Schreibe Dir mal PN....


----------



## AnAx (23. Mai 2020)

Gone with the wind... ?

Weiteres zu verschenken:

Satori Feder-Sattelstütze, 27,2mm Durchmesser
Puch Elegance Rahmenset inkl. Sachs Torpedo 3-Gang HR-Nabe. Wenn ich den Schalter finde, gibt’s den auch dazu, allerdings hab ich gerade keinen Schimmer wo der sein kann ?
Lenker-gewindevorbau-Kombi in schönem Kettler-grün ?
Sachs Huret Schaltungsset, Daumies, Umwerfer und Schaltwerk


----------



## AnAx (25. Mai 2020)

Hab noch mehr im Keller gefunden, vorerst ohne Bild (hatte das Telefon heute nicht mit ?):

Pletscher Gepäckträger Athlete System
Sattelstütze GUB (China) 31,6x360mm (reserviert für @zymnokxx )
Rahmen Trek 990 in 53cm, leider hat das Sitzrohr einen starken Knick von der Befestigung eines Kindersitzes.
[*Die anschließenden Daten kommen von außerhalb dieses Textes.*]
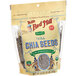A bag of Bob's Red Mill Organic Whole Chia Seeds.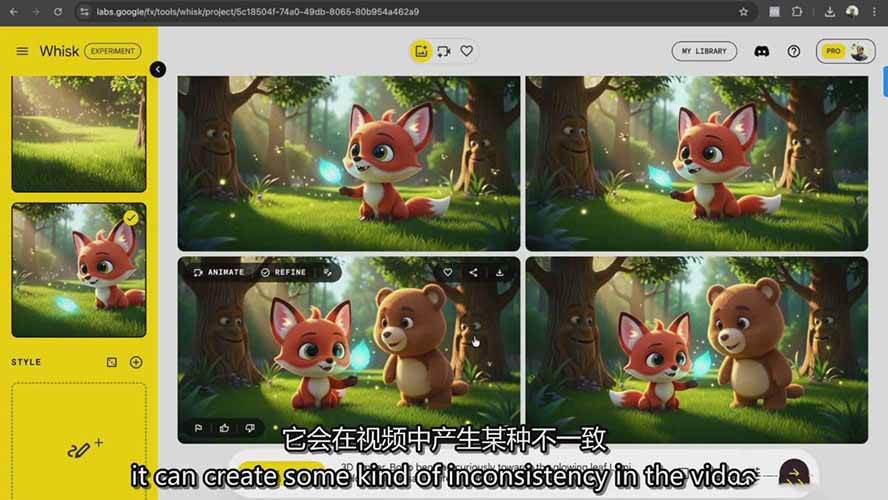 图片[3]-AI制作3D电影指南：Google Flow+ChatGPT实操，新手也能做连贯影片-学链网创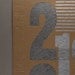 50% Off: 2012 Letterpress Wall Calendar -- Wood Type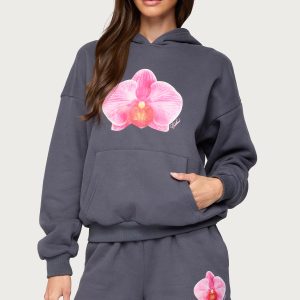 Orchid Babe Hoodie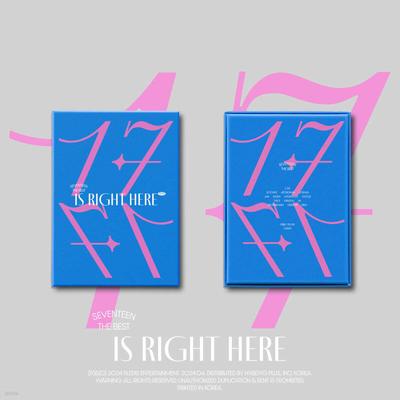Seventeen (SEVENTEEN) - SEVENTEEN BEST ALBUM '17 IS RIGHT HERE' [DEAR Ver.]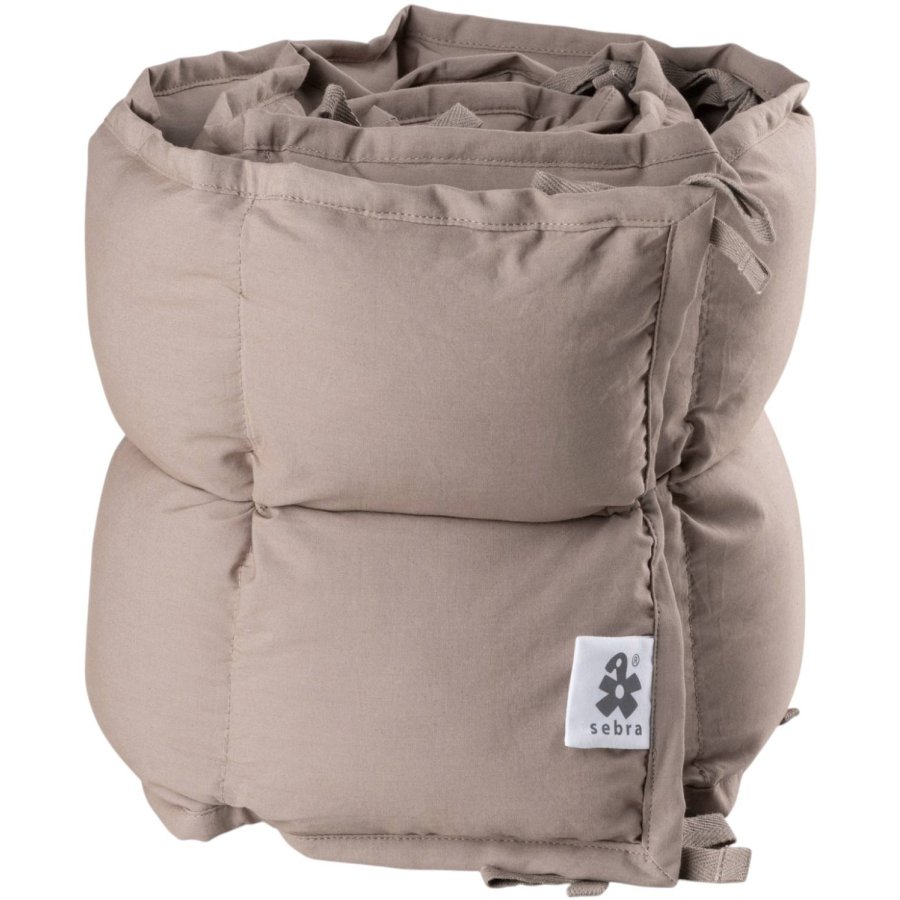 Sebra Sengerand Kapok Halv Lngde 180 cm, Jetty Beige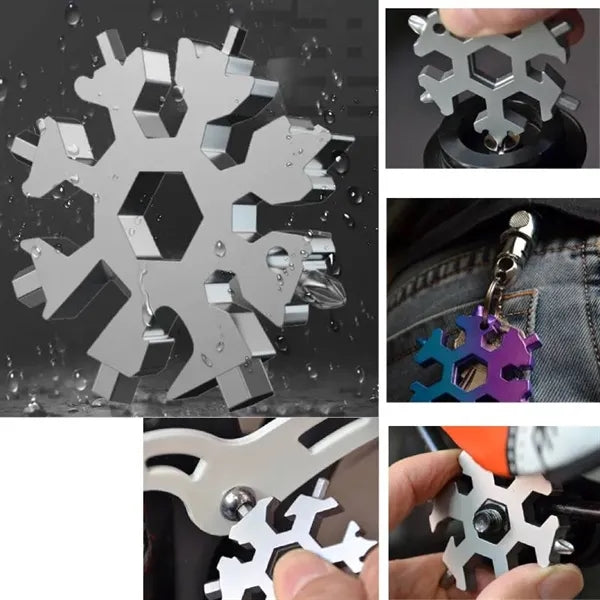 18-in-1 Snowflake Multi Tool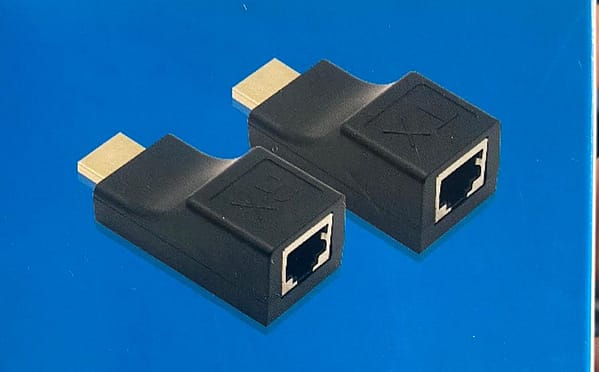 HDMI EXTENDER BY CAT-5E/6 CABLE - Image 2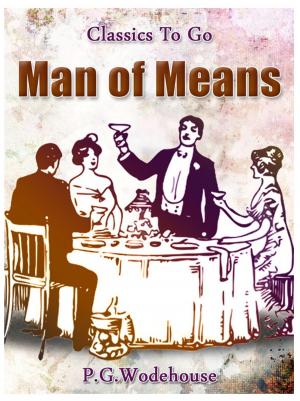 Cover of the book A Man of Means by Edgar Allan Poe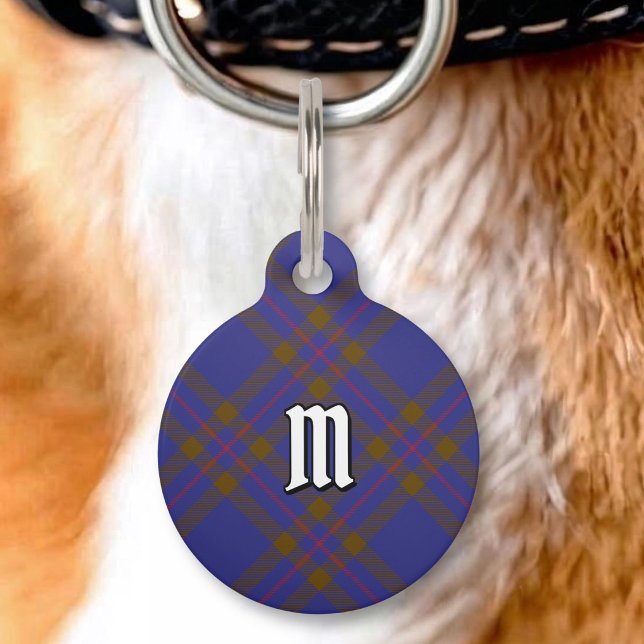 Médaillon Pour Animaux Collier d'identification Clan Elliot Tartan Modern (Créateur téléchargé)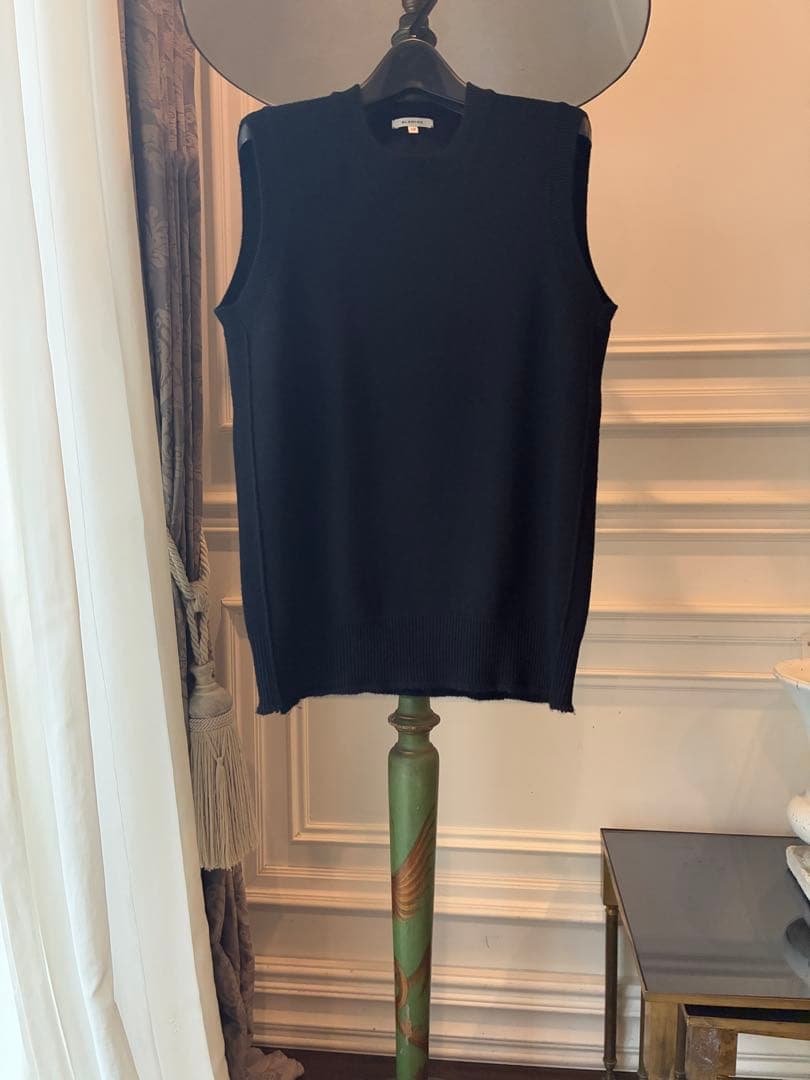 ブラミンク blamink38カシミアベスト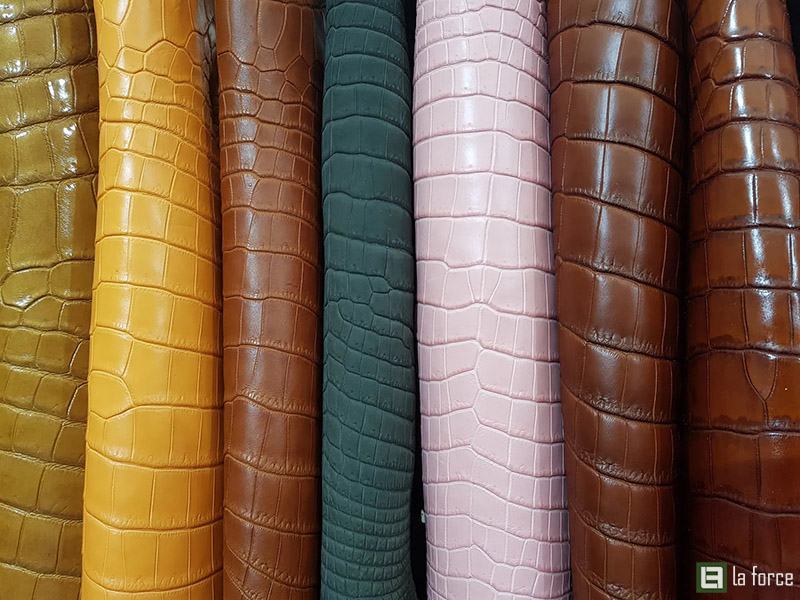 Tính thẩm mỹ từ quy trình thuộc da cá sấu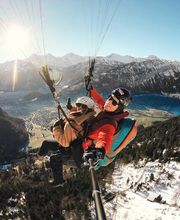 Paragliding Interlaken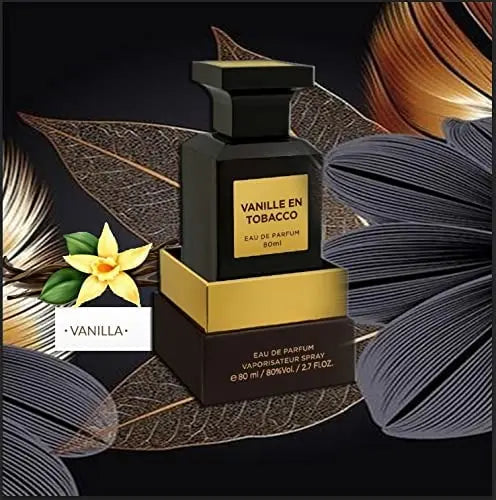 Vanille En Tobacco Eau De Parfum 80ml Fragrance World - Perfume Heaven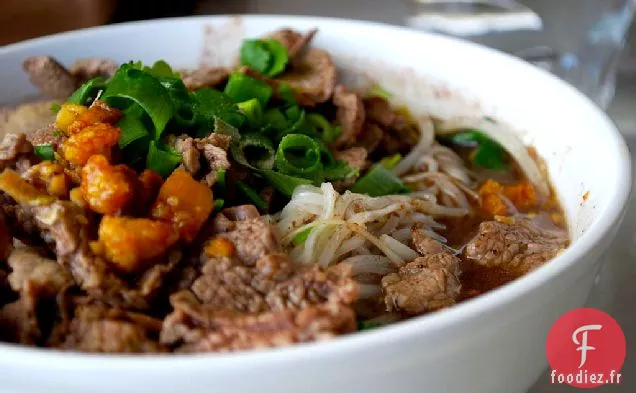 Recette de Ramen de Steak Grillé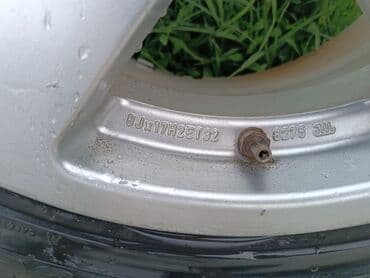 Диски R 17 Mercedes-Benz, отверстий - 5, Б/у at lalafo.kg Диски R 17 Mercedes-Benz, отверстий - 5, Б/у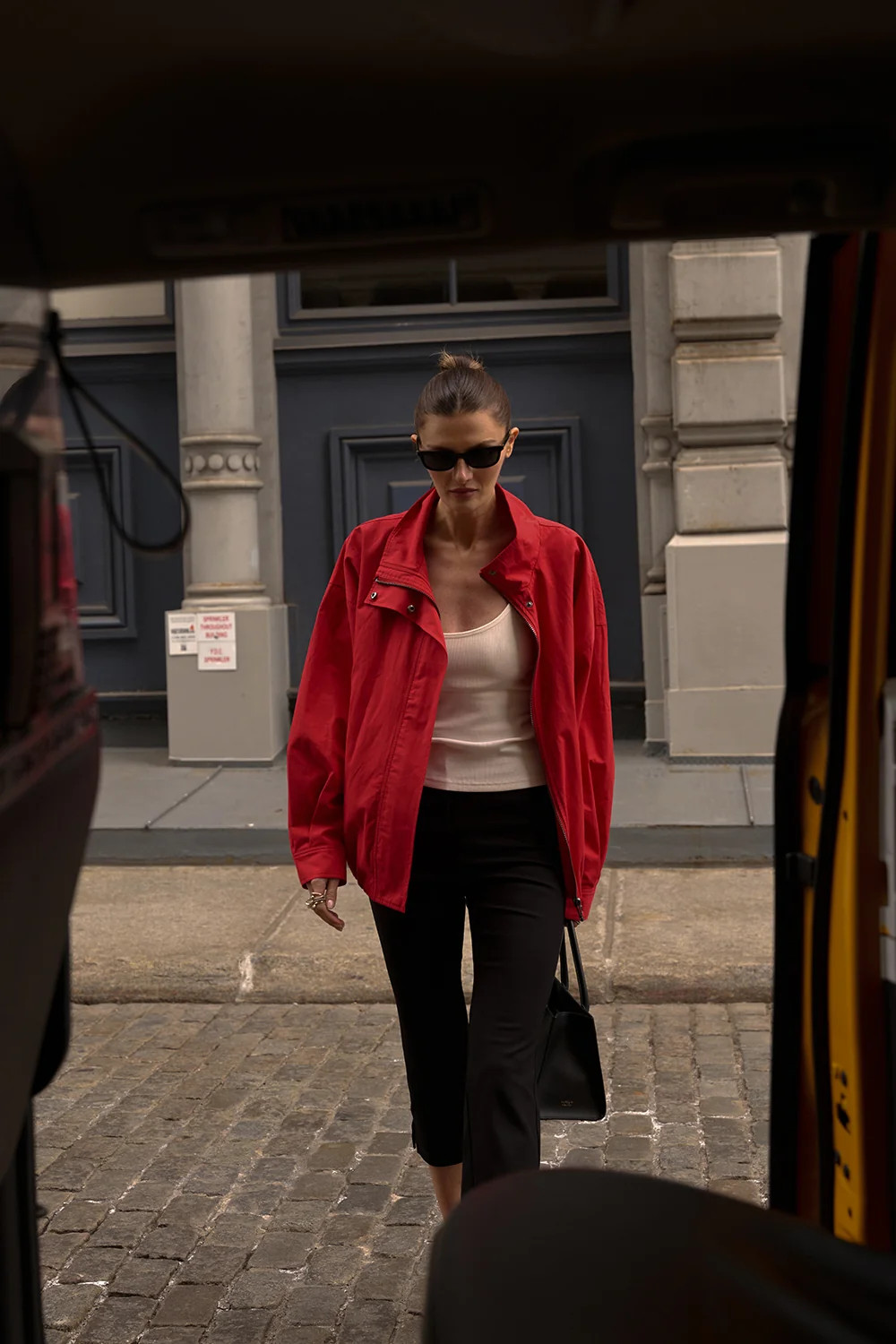 JEAN RED TRACK JACKET | DISSH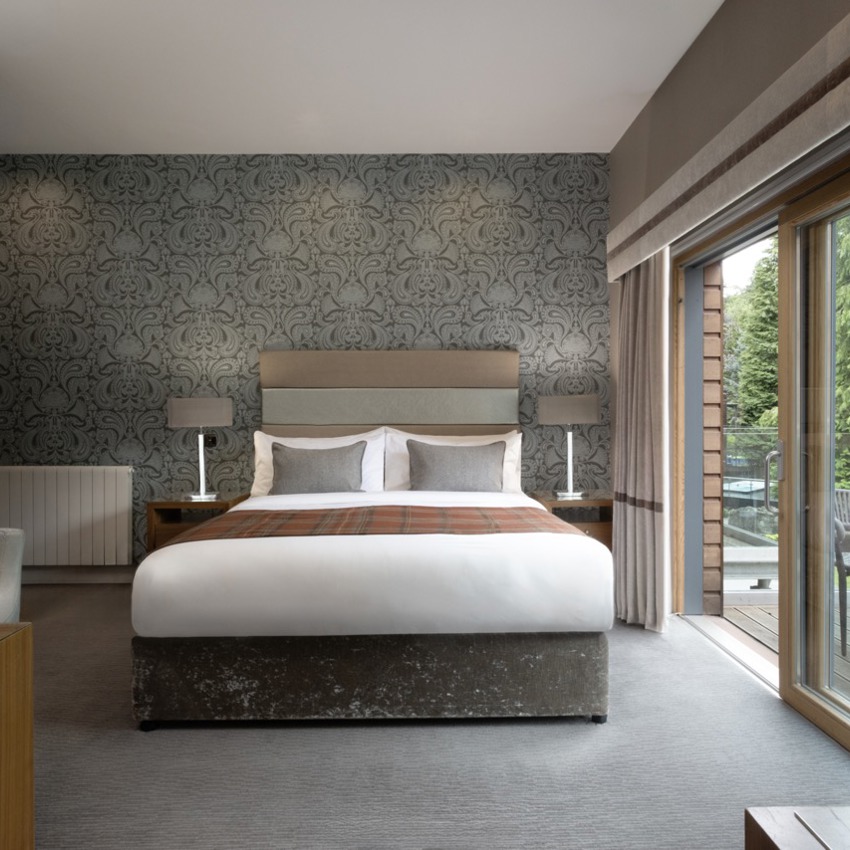 Fonab Castle | Fonab Castle Woodland Suite3 Large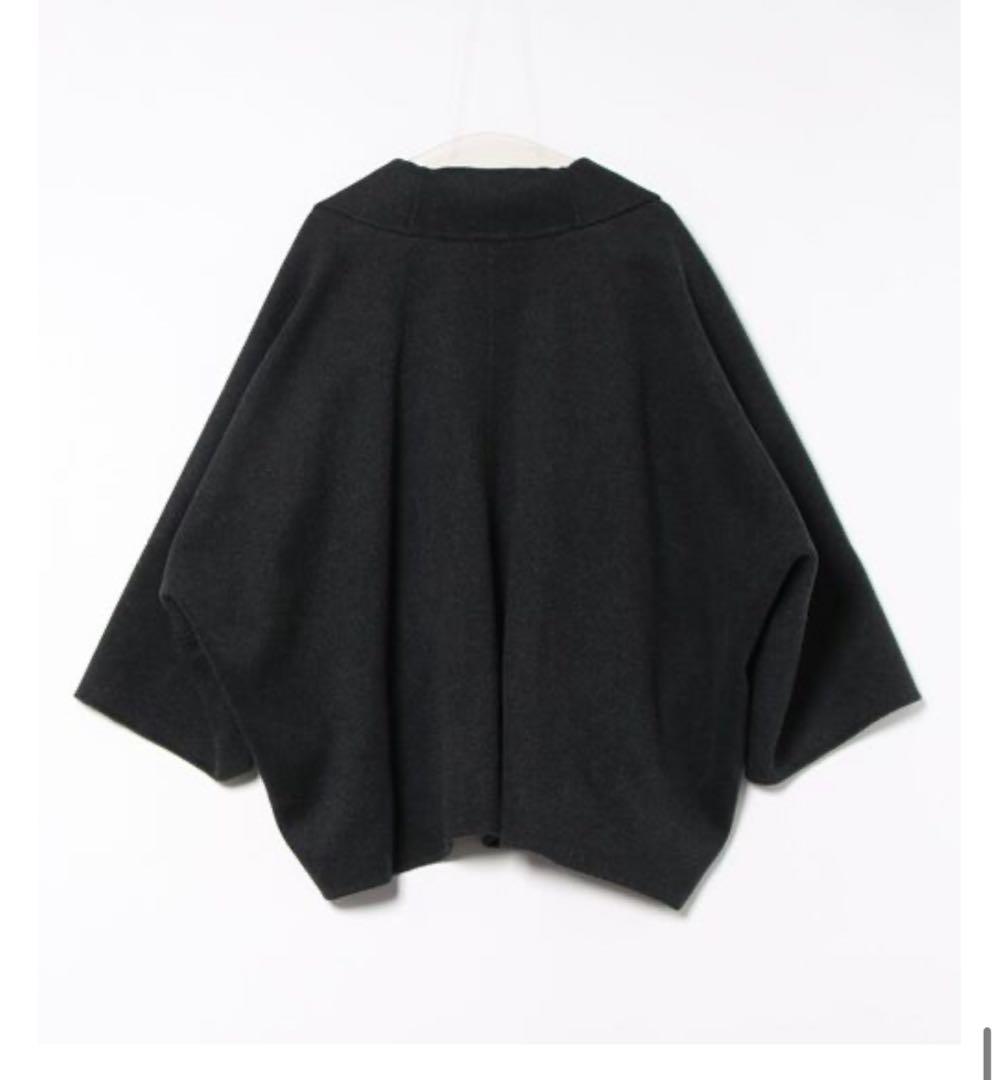 B7 / リバーショートショールカラーコート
Bilder hier


----------



## zymnokxx (25. Mai 2020)

An der GUB hab ich Interesse!


----------



## MTB-News.de




----------



## Dirty-old-man (26. Mai 2020)

Da ich seit einem Jahr ausschließlich Yufik fahre, sind einige "Standard"-Felgenbaender, 26", zu verschenken

2 Stück
Grün, Breite für Sunringle mulefut SL80 V1
gebraucht

2 Stück
Rot transparent für DT BR 2250/710
gebraucht

3 Stück
Blau, Breite 65mm
neu

Außerdem Speichensticks Reflektoren.
gebraucht 
Haben einen extremen Luftwiderstand.
Eigentlich nur für Stadtrad zu gebrauchen.
Ziemlich viele (mehr als in dem Karton), ich meine es reicht für vier Laufräder


----------



## Dirty-old-man (3. Juni 2020)

Zu verschenken aus einem Gewinnspiel.
Für Niederbayern, Oberpfälzer und ...... na gut auch für Franken ???,  ohne Kosten.
Ungeöffnet und unbenutzt.
Bitte Gefahrenhinweise lesen und verstehen.


----------



## zymnokxx (18. Januar 2021)

Braucht jemand einen 26'' LRS für Felgenbremse? 






Ist auch im Bikemarkt drin. Gerne gebe ich ihn hier aber auf bei Abholung in Würzburg kostenlos ab. Reifen habe ich auch noch.


----------



## zymnokxx (5. November 2021)

Und nun eine Hope-Bremsleitung. Leider nur ca.65cm kurz. War an einer Hope Mono Mini. Weiß nicht, ob sie auch an andere Hope Bremsen passt:


----------



## zymnokxx (21. Dezember 2021)

Hab noch einen fahrbaren Heavy Tools Stahlaufen abzugeben... Funktioniert soweit alles, aber dennoch sollte da Arbeit reingesteckt werden. Steht in Würzburg. Versand nur bedingt möglich:



Gabel/Vorbau sind tatsächlich so komisch ausgeblichen!

_VERSCHENKT und ABGEHOLT_


----------



## nightwolf (21. Dezember 2021)

zymnokxx schrieb:


> (...) Gabel/Vorbau sind tatsächlich so komisch ausgeblichen!


Normal - bei Rot ☝️ 

Ist noch 1", oder?? Sieht nach fruehe 90er aus.


----------



## zymnokxx (21. Dezember 2021)

nightwolf schrieb:


> Normal - bei Rot ☝️
> 
> Ist noch 1", oder?? Sieht nach fruehe 90er aus.


Ja müsste 1" sein....
Kannst es Dir abholen und genauer untersuchen


----------



## nightwolf (21. Dezember 2021)

Ja nee hab schon genug refurbishete 90er Bikes im Einsatz 🤣 
Bei 1 1/8" = Option auf neue Gabel fuer Disc haette ich es aber vll trotzdem getan 😄 

_Es freut sich sicher jemand, der auf Felgenbremse bleiben will / kann_ 👍


----------